Russia, India and China said climate change should be tackled in other global forums, not at the UN Security Council. [File: Charles Platiau/Reuters]

The United States has warned inaction by world powers on climate change is tantamount to a “mutual suicide pact” after countries such as China, India, and Russia expressed scepticism on the global security threat it posed.

John Kerry, the US special presidential envoy for climate, told the UN Security Council on Tuesday that the Pentagon has described the climate crisis as “a threat multiplier”.

“But even though climate change has been repeatedly called ‘an existential threat’, we honestly have yet as a world to respond with the urgency required,” said Kerry.

He called the climate situation “indisputably a Security Council issue” after some nations said it had no place for discussion at the UN body.

“In fact, it is among the most complex and compelling security issues that I think we’ve ever faced.”

Failing to address climate change is “marching forward to what is almost tantamount to a mutual suicide pact”, said Kerry. “We bury our heads in the sand at our own peril.
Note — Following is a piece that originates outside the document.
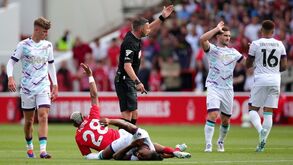 Lesão arrepiante no Nottingham-Bournemouth: jogo esteve interrompido quase 10 minutos e Danilo saiu de maca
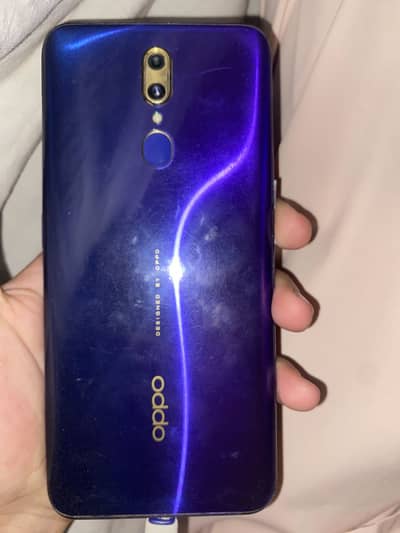 Oppo F11 with box 4/64 All okay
It’s urgent to treat the climate crisis as the urgent security threat that it is.”

The stance by the administration of President Joe Biden comes in stark contrast to that of former US leader Donald Trump, who pulled out of the landmark 2015 Paris climate agreement and ignored climate policy during his four years in power.

Experts believe the world must reach net zero carbon emissions by 2050 or sooner to ensure long-term warming is held to no more than 1.5 degrees Celsius (34.7 degrees Fahrenheit) and avoid triggering catastrophic climate tipping points.

The world has already warmed 1.2C (2.2F) since the mid-19th century and the goal now is to prevent an additional 0.3C (0.5F) of warming.

Paris Climate Agreement

‘Serious doubts’


Russia, India and China said climate change should be tackled in other global forums, not at the UN’s main grouping on imminent world threats.

Russia was particularly vocal in its opposition to the discussions.

“We agree that climate change issues can exacerbate conflict. But are they really the root cause of these conflicts? There are serious doubts about this,” said Moscow’s ambassador to the UN, Vassily Nebenzia.

“The connection between the climate and conflicts can be looked at with regard to only certain countries and regions, talking about this in general terms and in a global context has no justification,” he added.

While Russia was committed to action against climate change, “this should be done within the framework of the mechanisms where it is dealt with by professionals”.

China’s special climate envoy Xie Zhenhua acknowledged climate change was linked to insecurity but overall issued a similar line to Russia.

“International climate cooperation should be advanced with the UN Framework Convention on Climate Change,” he said, in a long speech that touted China’s recent commitments, including its aim to achieve its carbon emissions peak before 2030 and achieve neutrality by 2060.

India’s environment minister, Prakash Javdekar, dismissed the idea of climate change as a driver of conflict.

Forest fires have ravaged many areas on the planet in recent years. [Patrick Record/AP]

‘Tree-hugging tofu munchers’

However, the planet’s warming temperatures were deemed inextricably linked to global security by most countries, including the United Kingdom, France and Germany.

British Prime Minister Boris Johnson urged fellow leaders to take immediate action on the climate crisis or face worsening global instability.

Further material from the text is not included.